Large petrified tree known as Onyx Bridge snaps into pieces at Arizona national park
One of the world’s most “dramatic” examples of a petrified Triassic-era tree has lost “its battle against gravity” and collapsed, according to the Petrified Forest National Park in Arizona.
Known as the Onyx Bridge, the fallen but intact tree was iconic as a massive fossil that resembled a natural bridge, the park said in a Wednesday Facebook post.
The bridge was recently discovered snapped apart, and experts believe it happened sometime in December.
Park officials lamented the fallen “icon” with before and after photos, showing the longest span of the tree had broken into pieces and was lying in the gully it once spanned.
“There were cracks for many years and a couple of spots where it sagged, but the big break happened just two months ago,” the park said.
It’s not clear when park officials discovered the change — the bridge is in a remote area — but the damage is credited to natural causes and not vandalism. The 30-foot-long conifer is believed to be 210 million years old, making it overdue for cracking, the National Park Service reports.

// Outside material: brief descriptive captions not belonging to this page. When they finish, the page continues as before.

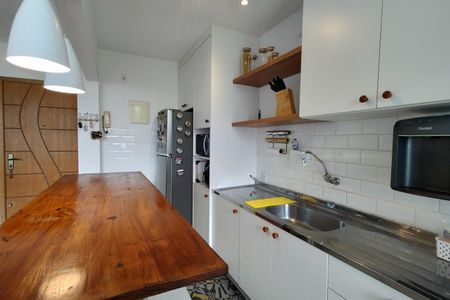 Apartamento à venda com 62m², 2 quartos e 1 vaga Apartamento à venda com 62m², 2 quartos e 1 vagaCozinha - Armários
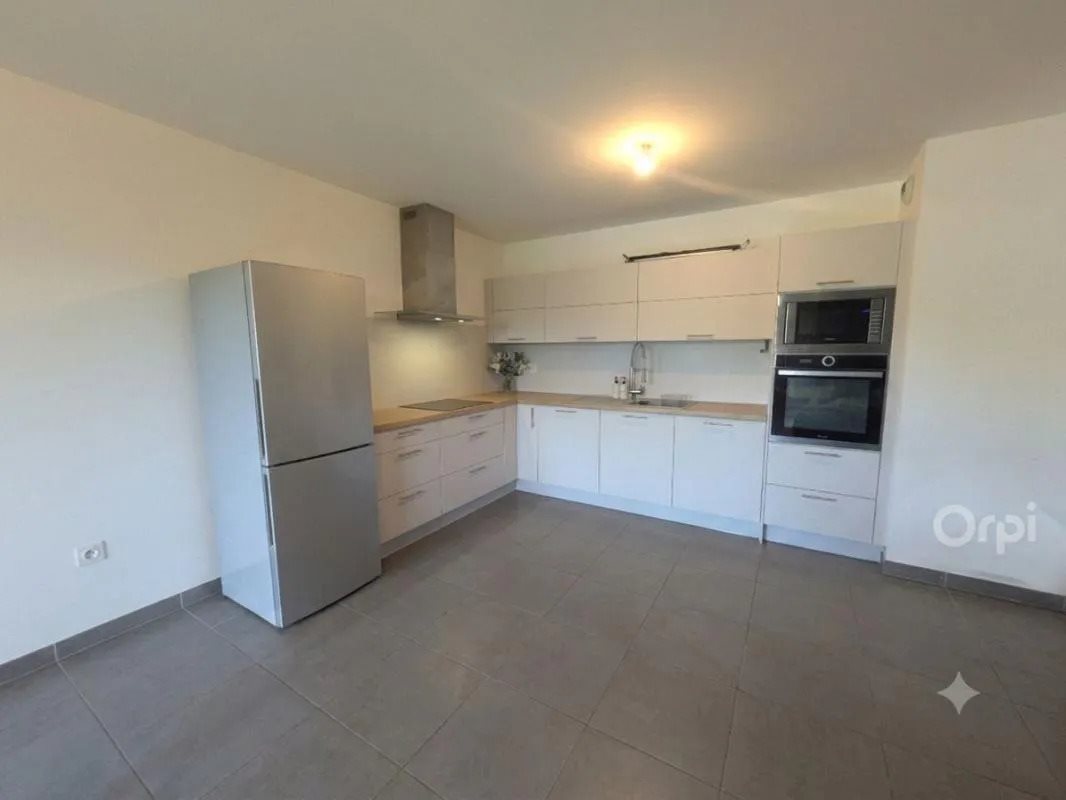 Appartement à louer, 58m², Toulon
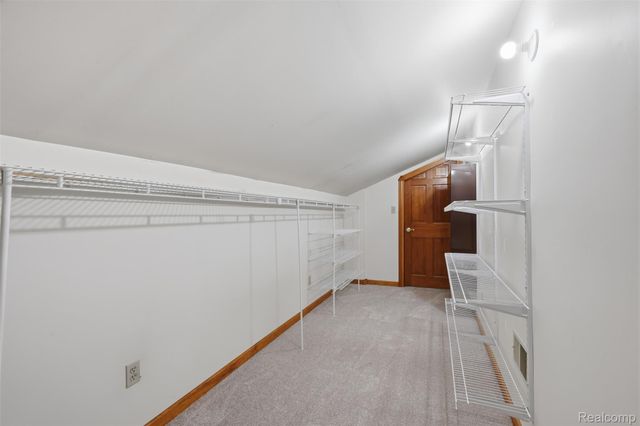 27967 Galien Drive, Lyon Charter Township, MI 48178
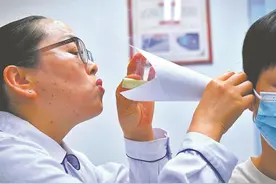 护理岗位的能工巧匠图片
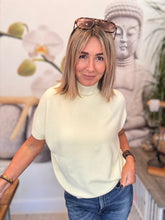 Load image into Gallery viewer, Cara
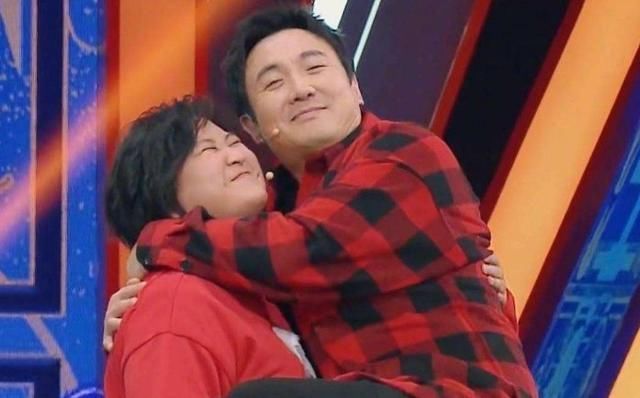 欢乐喜剧人|李晨晒出《跑男》合照,有谁注意郭麒麟的脚,比五位女嘉宾还亮眼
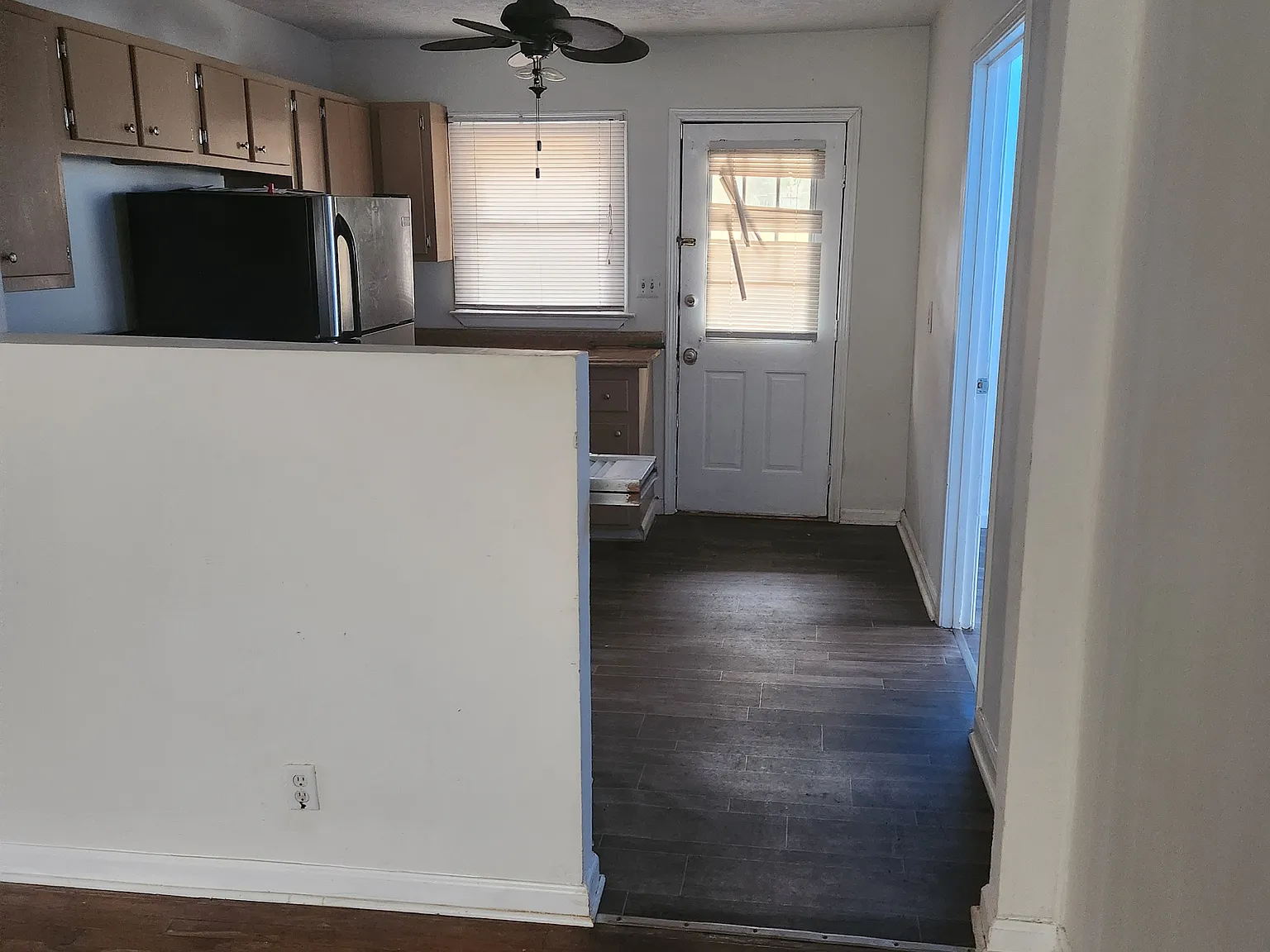 3 bed, 1257 sqft, $1,600 — Photo 2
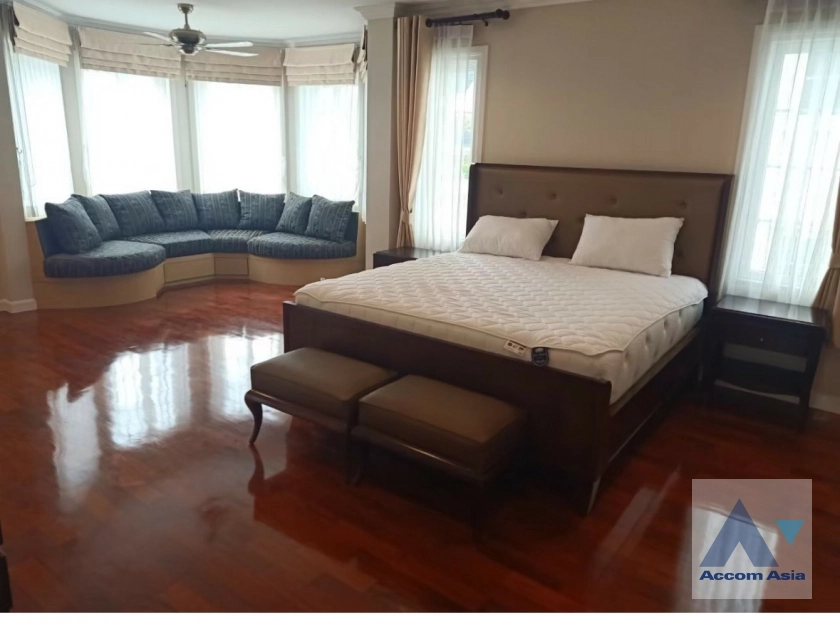 11  4 br House For Rent in Bang Na ,Bangkok  at Fantasia Villa 4 AA28365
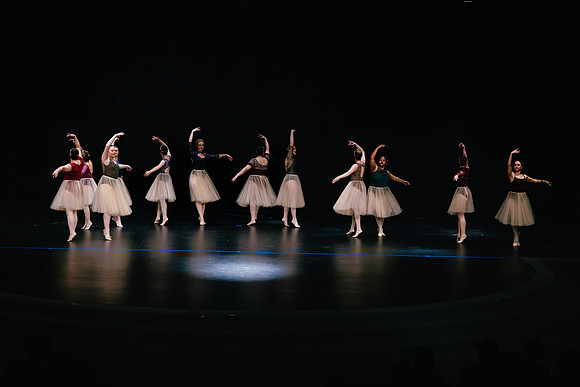 Ballet I9 AK5A9869-Enhanced-NR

“Onyx Bridge is a dramatic example of petrified wood eroding out of the Black Forest Bed of the Chinle Formation,” the NPS says.
“The Chinle Formation was deposited over 200 million years ago during the Late Triassic Period. The colorful badland hills, flat-topped mesas, and sculptured buttes of the Painted Desert are primarily made up of the Chinle Formation.”

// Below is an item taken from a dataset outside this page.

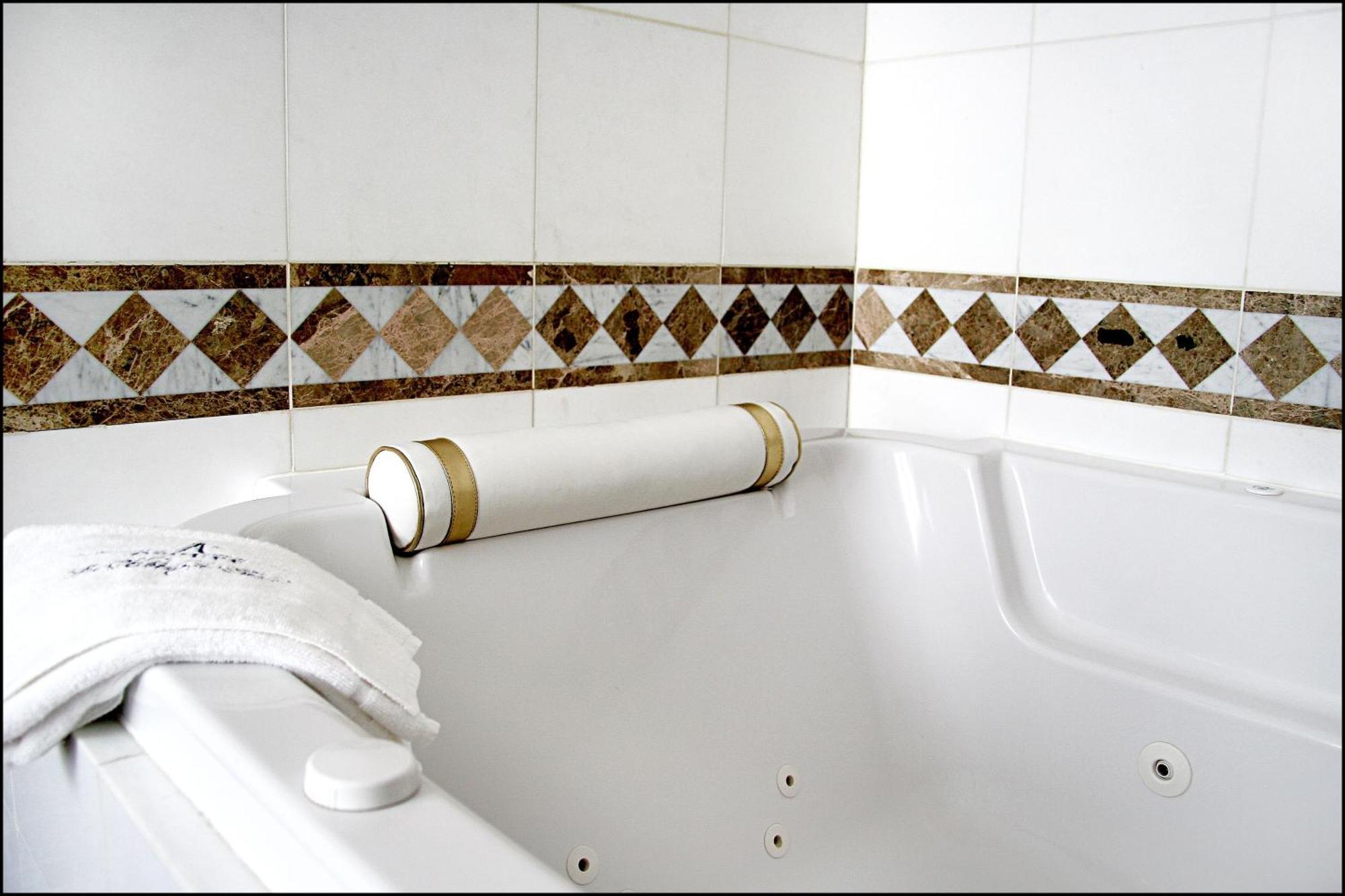 Deluxe Double Room Spa Bath,1771699702:JPEG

The tree’s appearance as a natural bridge was a bit misleading. Though it seemed to have fallen across a gully (or wash), it was actually there before the gully, experts say. Centuries of erosion uncovered the tree and eventually washed the earth from beneath it, building a bridge in reverse, the National Park Service says.

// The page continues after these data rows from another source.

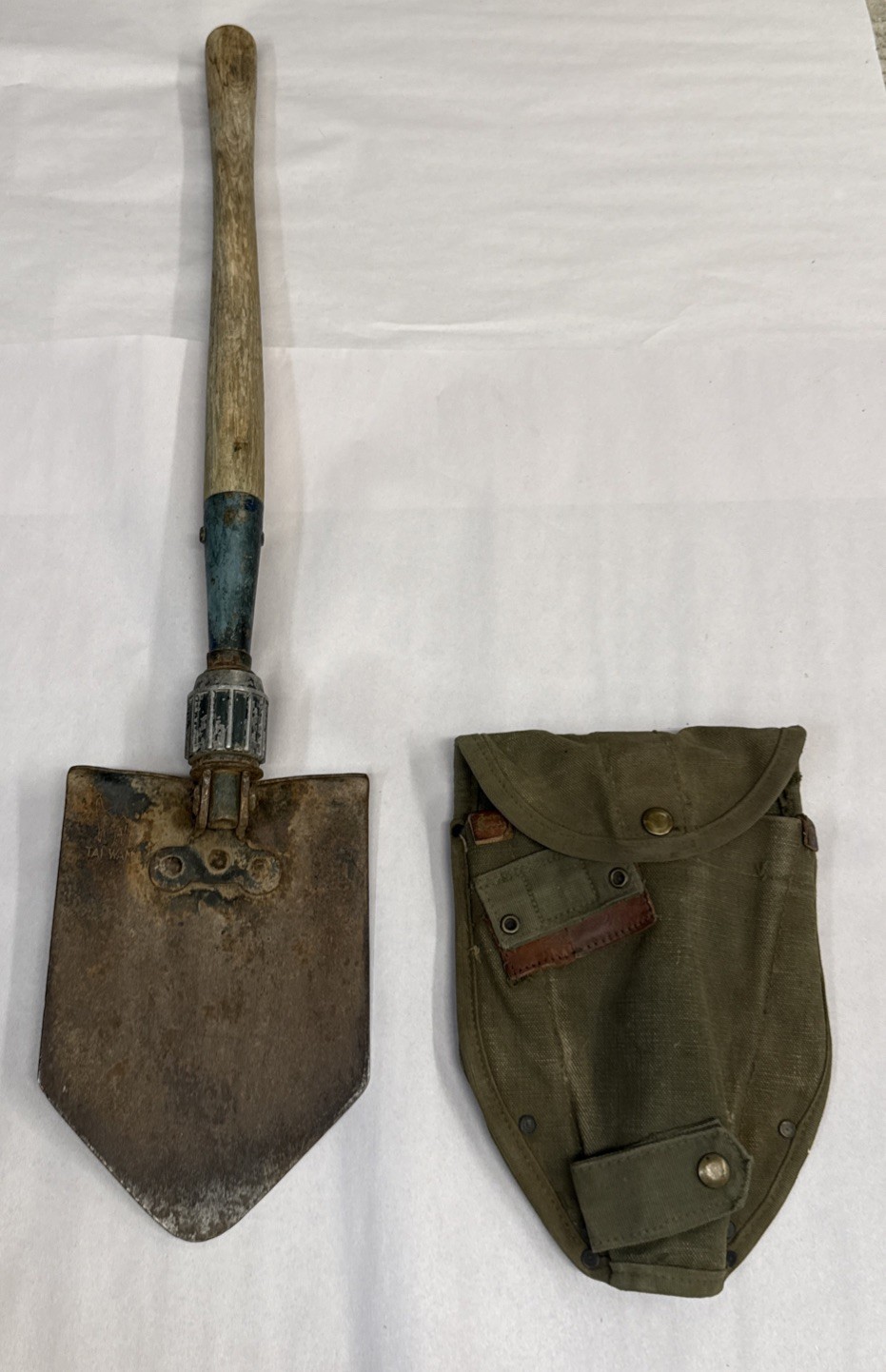 RARE! Postwar Copy Of US M1943 Entrenching Tool Made In Taiwan W/ Logo W/ Cover!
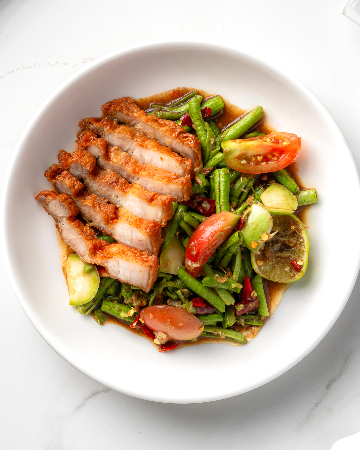 ตำถั่วหมูกรอบ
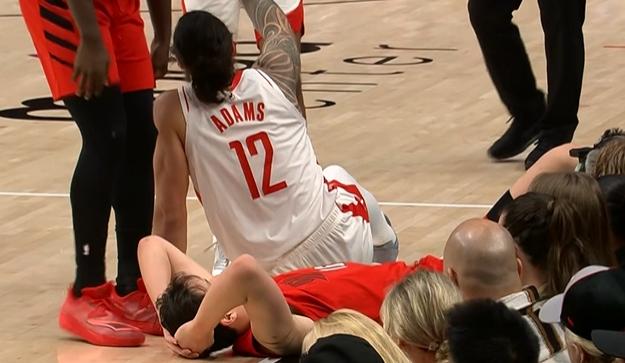 这太疼了！杨瀚森被亚当斯一屁股坐头上了~

两人抢地板球的时候，杨瀚森飞扑断球与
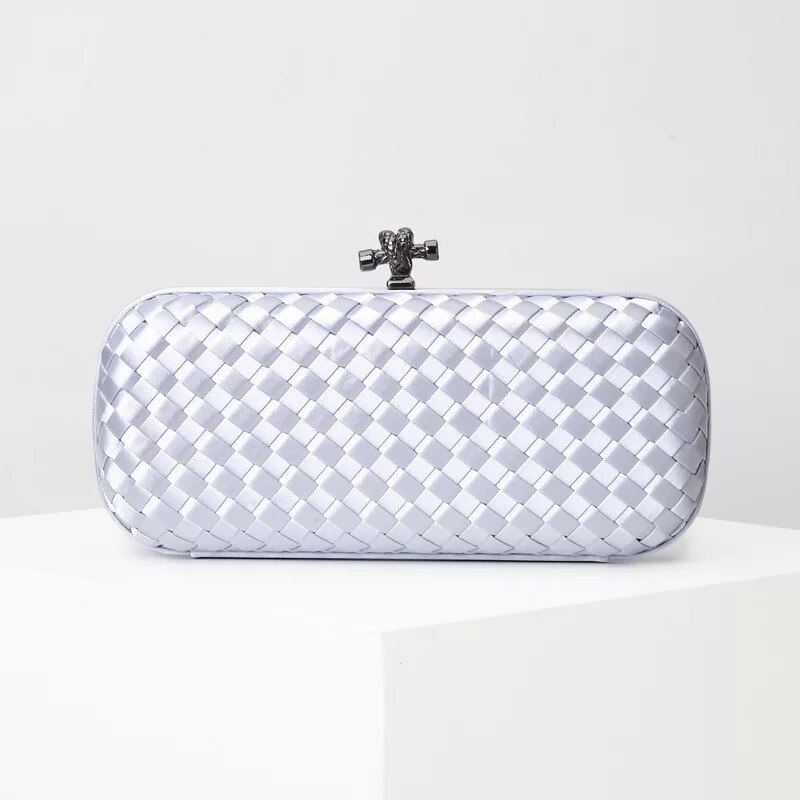 Bolsa de maquillaje de seda europea y americana tejida a mano para mujer, bolsa de maquillaje de mano para mujer, a través de la sencilla bolsa de maquillaje para Cena: L3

“More than 200 million years ago, flourishing trees and vegetation covered much of this area of Northeastern Arizona,” Visitarizona.com reports.
“But volcanic lava destroyed the forest, and the remains were embedded into sediment comprised of volcanic ash and water. Erosion set the logs free millions of years later, revealing the petrified wood — made mostly of quartz — that Arizona visitors gather to see,” the site says.